1876 est pour lui une année clé, car Nikolaï Rubinstein lui présente la baronne von Meck (1831-1894), une veuve fortunée qui le prend sous sa protection et lui verse une importante rente – sans que leur relation, pendant quatorze ans, soit autre qu'épistolaire.
Grands succès et tournées internationales
Tchaïkovski prend congé du Conservatoire et, après l'épisode d'un mariage raté avec une ancienne élève (1877), il mène une existence mondaine et voyage à l'étranger. Du séjour de Montreux (1878) datent la symphonie n° 4, dédiée à sa bienfaitrice, l'opéra Eugène Onéguine (créé à Moscou en 1879) et le Concerto pour violon en ré majeur. Du séjour à Rome, il rapporte les impressions qui sont à la source du Capriccio italien (1880).
En 1886, Tchaïkovski atteint avec la Symphonie Manfred (d'après un poème de lord Byron) à sa plus belle réussite dans ce genre typiquement occidental. Il commence aussi une carrière de chef d'orchestre et, dès 1888, part en tournée à travers l'Europe.
Sollicité dès son retour par le théâtre Mariinski de Saint-Pétersbourg, il collabore avec le chorégraphe Marius Petipa, qui lui commandera la Belle au bois dormant (1890) puis Casse-Noisette (1892). Il y crée également son opéra la Dame de pique (1890). Reçu en grande pompe aux États-Unis en 1891, il inaugure le Carnegie Hall de New York
Le destin brisé
Au retour d'une seconde tournée européenne, qui se révèle tout aussi triomphale que la première, Tchaïkovski dirige sa symphonie n° 6, dite Symphonie pathétique – épithète de circonstance, car le compositeur meurt neuf jours plus tard. Officiellement, il est emporté par le choléra, mais il se peut aussi qu'il se soit suicidé pour échapper au scandale que risquait de provoquer son homosexualité, dont on ne parlait, jusque-là, qu'à mots couverts. On lui fera cependant des obsèques nationales, suivies par des milliers de personnes.
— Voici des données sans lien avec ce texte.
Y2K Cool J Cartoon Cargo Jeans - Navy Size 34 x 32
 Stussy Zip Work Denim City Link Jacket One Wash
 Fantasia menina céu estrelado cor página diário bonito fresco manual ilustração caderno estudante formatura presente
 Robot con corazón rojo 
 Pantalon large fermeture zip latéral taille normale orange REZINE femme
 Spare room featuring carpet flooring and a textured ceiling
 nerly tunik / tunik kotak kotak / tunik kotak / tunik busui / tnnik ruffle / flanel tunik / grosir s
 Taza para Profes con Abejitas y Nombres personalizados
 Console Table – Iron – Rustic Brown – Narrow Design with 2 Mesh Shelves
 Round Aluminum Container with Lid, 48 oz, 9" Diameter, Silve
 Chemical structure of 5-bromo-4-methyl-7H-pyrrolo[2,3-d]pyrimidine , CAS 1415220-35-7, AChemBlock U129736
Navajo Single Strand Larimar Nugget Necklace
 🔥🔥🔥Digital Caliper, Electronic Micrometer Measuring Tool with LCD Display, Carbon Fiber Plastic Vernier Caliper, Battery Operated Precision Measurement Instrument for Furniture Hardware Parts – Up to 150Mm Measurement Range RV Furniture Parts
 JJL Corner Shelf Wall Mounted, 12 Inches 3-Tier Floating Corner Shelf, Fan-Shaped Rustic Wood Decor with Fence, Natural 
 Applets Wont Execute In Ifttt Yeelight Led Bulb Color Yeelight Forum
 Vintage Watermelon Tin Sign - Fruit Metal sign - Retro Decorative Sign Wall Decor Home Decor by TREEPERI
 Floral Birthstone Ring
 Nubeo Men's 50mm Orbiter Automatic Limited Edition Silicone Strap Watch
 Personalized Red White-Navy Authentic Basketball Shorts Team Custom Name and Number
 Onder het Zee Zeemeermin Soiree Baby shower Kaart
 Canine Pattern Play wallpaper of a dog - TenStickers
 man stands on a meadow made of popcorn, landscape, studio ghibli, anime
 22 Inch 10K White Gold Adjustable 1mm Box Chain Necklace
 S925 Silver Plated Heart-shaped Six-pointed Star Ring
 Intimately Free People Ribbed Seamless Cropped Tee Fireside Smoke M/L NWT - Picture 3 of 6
Toute sa vie, Tchaïkovski aura souffert de dépression nerveuse. Homme au destin brisé, après avoir éprouvé la force de ce destin, il sera devenu musicien pour traduire ses états d'âme. Les longues mélodies conviennent à ses épanchements et, de la symphonie elle-même, il dit que c'est « la confession musicale de l'âme ». C'est ce lyrisme, où les cordes jouent un grand rôle, qui explique sans doute son succès, amplifié jusqu'à nos jours par sa musique de ballet.
Principales œuvres de Tchaïkovski
Piano
Une centaine de compositions, dont 2 sonates (1865, 1878).
Musique de chambre
3 quatuors à cordes (1871, 1874, 1876) ; 1 trio pour violon, violoncelle et piano (1882) ; 1 sextuor à cordes (1887-1892 [Souvenir de Florence]).
Musique symphonique
5 ouvertures, dont l'Orage (1864), Ouverture solennelle « 1812 » (1880) ; 7 symphonies : symphonie n° 1 (1866 [Songes d'hiver] ; 3e version, 1874), symphonie n° 2 (1872, 2e version, 1879), symphonie n° 3 (1875), symphonie n° 4 (1878), Symphonie Manfred (1886), symphonie n° 5 (1888), symphonie n° 6 (1893) [Symphonie pathétique] ; Fatum (1868), poème symphonique ; 4 fantaisies-ouvertures : Roméo et Juliette (3 versions : 1869, 1870, 1880), la Tempête (1873), Francesca da Rimini (1876), Hamlet (1888) ; 4 suites (1879, 1883, 1884, 1887 [Mozartiana]) ; Capriccio italien (1880) ; suite du ballet Casse-Noisette (1892) ; 3 concertos pour piano (1875, 1880, 1893) ; Concerto pour violon (1878) ; Variations sur un thème rococo pour violoncelle et orchestre (1876) ; etc.
Musique vocale
Nombreuses mélodies ; œuvres de musique d'église ; Moscou (1883), cantate pour mezzo-soprano, baryton, chœur et orchestre ; Roméo et Juliette (1893), pour soprano, ténor et orchestre.
Musique théâtrale
10 opéras, dont le Voïvode (1869 ; 1re représentation, 1879), Opritchnick (1872 ; 1re représentation, 1874), Eugène Onéguine (1878 ; 1re représentation, 1879), la Pucelle d'Orléans (1879 ; 1re représentation, 1881), Mazeppa (1883), l'Ensorceleuse (1887), la Dame de pique (1890), Yolanta (1891 ; 1re représentation, 1892).
Ballets
le Lac des cygnes (1876), la Belle au bois dormant (1890), Casse-Noisette (1892).
Musique de scène
Snegourotchka (1873), Hamlet (1891), etc.